Saturday's weather was fantastic. I had planned a drive to and from Sussex so I didn't ride out because I needed to conserve my energy. Andy rode alone to Godstone and the surrounding area.
Sunday and the weather was still fantastic: bright, blue skies early in the morning, a glowing sun for most of the day and then, by late afternoon, there was a strong downpour. "Good for the garden," my dad might have said. When the rain ceased there was a wonderful smell of rain in the air. I love the summer.
But let's get back to this morning's ride. I met Andy at the green and we initially planned a ride to Westerham, but as we made our way along the 269 Andy changed his mind. "Let's go to the churchyard instead," he said, so we did.
With tea and BelVita biscuits at the ready we stretched out on the park bench to enjoy the good weather. Since we last met, however, there had been a terrorist bomb tragedy in Manchester and naturally it became the main subject of conversation. I mentioned how my local railway station sported two armed coppers on Thursday evening and while it was reassuring for the public to be given the impression that the UK security services were 'doing their bit' to calm the nerves, news that MI5 had the killer on its radar prior to the atrocity, but did nothing, and the fact that those who knew the killer had expressed their doubts about him – they were concerned he might engage in an act of terrorism – then suddenly that word 'flabbergasted' surfaces. With so many dead and many more seriously injured and still in hospitals in the Manchester area as I write this, then to know that the security forces had more than their suspicions about the killer, well, what can I say?
A report by the BBC claims that the security services were warned three times of the killer's extremist views, but failed to take further action because he was 'under review'.
Manchester has fallen victim to terrorist attacks in the past and has pulled through; this time round it appears to be coping well in the aftermath of the tragedy. It's a fantastic city full of great people and amazing musicians and I hope it remains that way – I'm sure it will.
As I passed those two armed officers on the railway station last Thursday night I couldn't help but wonder how they would deal with a similar terrorist attack if it took place away from the station in the centre of town, in the mall, for example. The truth is that they wouldn't be able to deal with it at all and not through any shortcomings of their own, just that nobody can be in two places at once and when you're dealing with an enemy that cares little for its own lives, let alone those of its victims, then you quickly realise that the whole situation rests entirely on intelligence and not so much an outward 'show of force', although I guess it helps.
It all sadly leads to what some call 'the standard response' of the establishment to terrorist atrocities of this nature: condemnation by leading politicians; a shrine to the fallen, thumbnail portraits of the victims in the newspapers; shots of ordinary-looking houses where suspects are being rounded up; and, of course, news that the suspect (or suspects) were known to the security services.

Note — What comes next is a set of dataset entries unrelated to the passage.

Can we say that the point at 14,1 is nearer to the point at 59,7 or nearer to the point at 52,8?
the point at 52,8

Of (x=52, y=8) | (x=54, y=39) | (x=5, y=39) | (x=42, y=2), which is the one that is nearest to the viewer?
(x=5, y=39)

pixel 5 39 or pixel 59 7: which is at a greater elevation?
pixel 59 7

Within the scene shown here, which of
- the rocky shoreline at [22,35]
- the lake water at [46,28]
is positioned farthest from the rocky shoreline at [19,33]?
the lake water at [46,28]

We discussed the forthcoming general election. During the week Andrew Neil, a leading political broadcast journalist and former newspaper editor, had interviewed the leader of the Conservative Party, Theresa May, and the leader of the opposition, Jeremy Corbyn. Corbyn performed better than May, who dodged virtually every question Neil fired at her in what was later described as a 'car crash' interview. Corbyn had a few wobbly moments when Neil challenged him on his views about the IRA, but he stood his ground a little more than May. This afternoon Neil interviewed Nicola Sturgeon, leader of the Scottish Nationalist party. Up until this afternoon, I can't say I've really warmed to her, but after May's awful performance, it was refreshing to note that Sturgeon wasn't taking any prisoners. Furthermore, she never once avoided a question and put across her case perfectly. I must say that she went up in my estimation.
In the UK it's what is known as a 'bank holiday weekend', which means we get Monday off in addition to our weekend. So far the weather has, as I said, been absolutely brilliant. All week the sun has been out, but nothing lasts forever and it's certainly true where the British weather is concerned. This afternoon we had the aforementioned big downpour, and more has been promised for tomorrow. Uncertainty about the weather prompted Andy and I to hum and hah a little bit about whether we'd be riding tomorrow. All I know for certain (well, relatively certainly) is that thunder storms are on the agenda 'up north' but I think it will be heading our way too around noon. If this proves right then we should get out for a Bank Holiday Monday ride, but right now it's anybody's guess.